As for fiction serials and when they died out - I don't know about anywhere else, but in the UK the only serial fiction I can think of these days is in DC Thomson's Peoples Friend, and that seems to be written specifically for the magazine rather than a serialised adaptation of a novel. My Weekly, from the same stable, may do serials still, but I'm not sure (I'm actually filled with enough curiosity to go out and buy PF, MW and the same company's Weekly News just to see!). IPC's women's magazines do fiction specials in summer rather than run it regularly now, and that seems to to all short fiction. Oddly, the magazine that comes with the tabloid Sunday paper The People runs short fiction, which is an anomaly.
It's a pity, as many novelists of the past got initial audiences this way, and as a hack it was a nice way of getting some cash coming in.
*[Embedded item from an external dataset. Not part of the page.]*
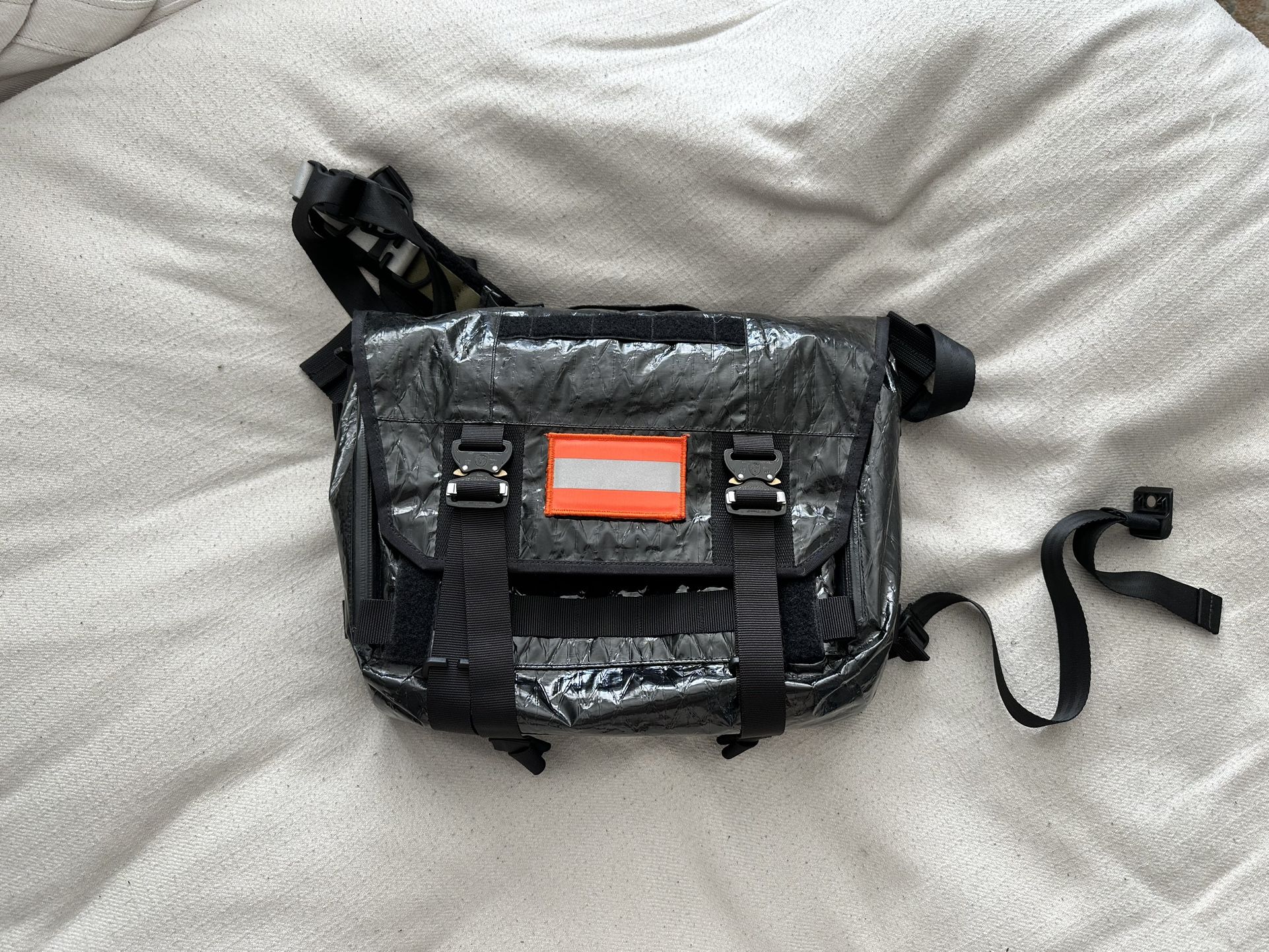 Orbitgear R221 CB-BLACK FOIL "VOYAGER" Messenger Bag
But those days, etc etc...
|
|
|
Post by dem bones on Nov 30, 2015 16:05:42 GMT
Do the Sunday supplements still publish the occasional short story? It's been ages since I bought one. The Sunday M*il used to do 'em, because I kept the one which gave Chris Fowler's The Laundry Imp it's début, and it might also have been them ran a few Caroline Graham Midsummer Murders shorts, still, as far as I'm aware, uncollected, and sought after by fans. The much-missed genre-hopping pulp great Syd Bounds used to encourage his writing classes to pen "news" items and features for Take A Break et al to gain experience of a paying market.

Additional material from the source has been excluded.